I've been presuming that:

  1. I can label sequences with the under-specified label (if no other more specific labels are present)
  2. "back-off" to the underspecified label if there is disagreement between more specific labels

Am I correct in stating that assumption 1 is incorrect and assumption 2 is correct? And Is there a good way to realize both assumptions in skweak?

As you saw in the example doc, I have entities that I know belong to "HRD" but don't know which specific sub-category they should be assigned (i.e., not present in sub-category gazetteers). Thanks again!

plison commented 2 years ago

Yes, you are correct, the underspecified labels are employed to provide a "weaker" signal (i.e. allowing a labelling function to output a subset of possible labels instead of a single one). But they are not meant to be used as some kind of hierarchical labelling, where one can "back-off" to the underspecified value. That would indeed be very interesting to investigate, but it would require a much more advanced probabilistic model than a classical HMM.

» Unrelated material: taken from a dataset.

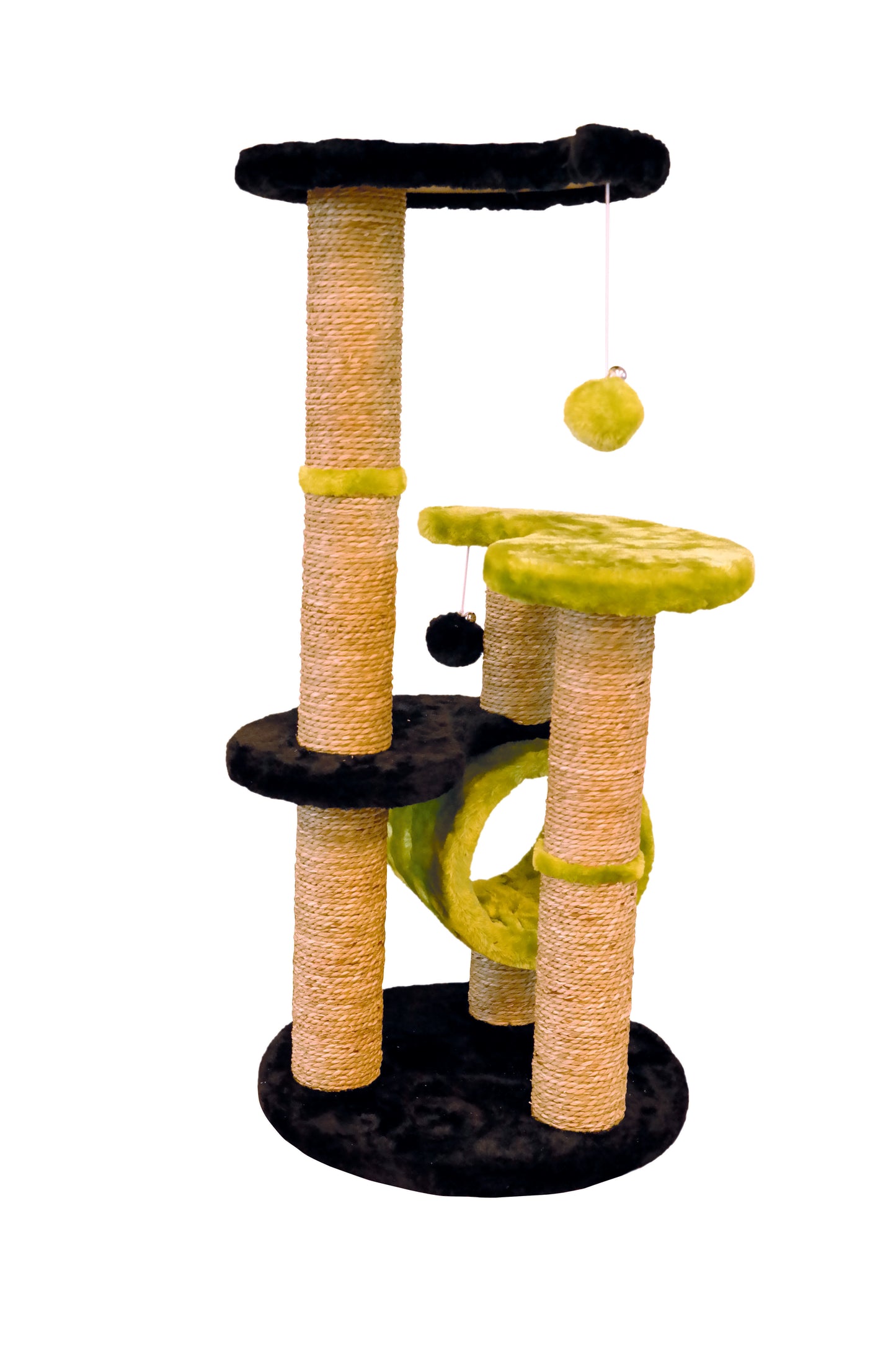 M-PETS EVEREST Cat Tree with Seagrass Scratching Post, 34 in Multi-Level Cat Tower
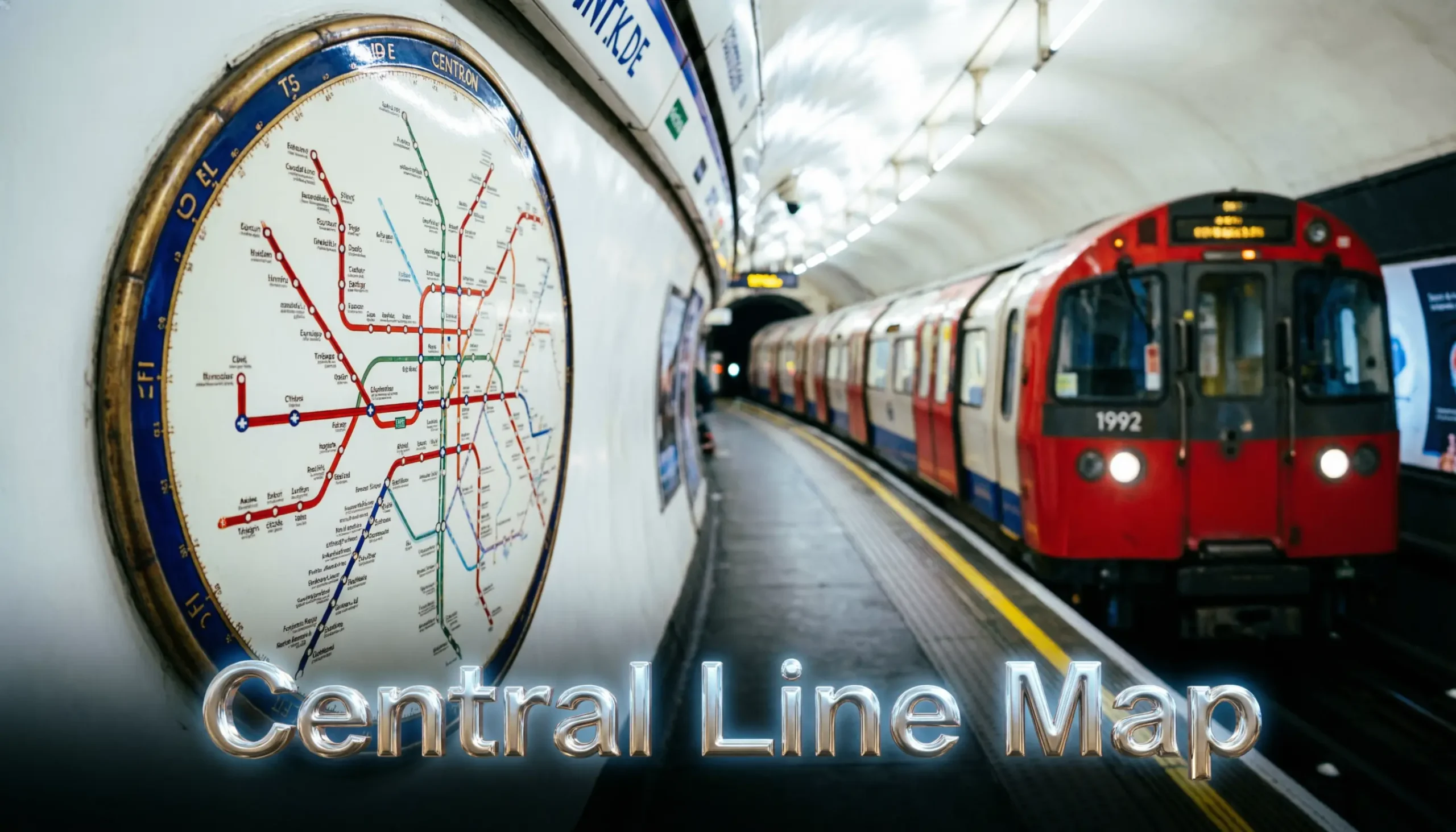 Central Line Map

I guess a relatively quick fix would be to add this HRD value to the list of output labels that can be aggregated over, like this:

docs = list(skweak.utils.docbin_reader('example_error.spacy'))
hmm = skweak.aggregation.HMM("hmm", [PGL_TAG, DB_TAG, SW_TAG, ORG_TAG, HRD_TAG], sequence_labelling=True)
hmm.add_underspecified_label(HRD_TAG, [PGL_TAG, DB_TAG, SW_TAG, HRD_TAG])
_ = hmm.fit_and_aggregate(docs)

But I'm not really sure about what kind of solutions the EM algorithm will converge to in this setting.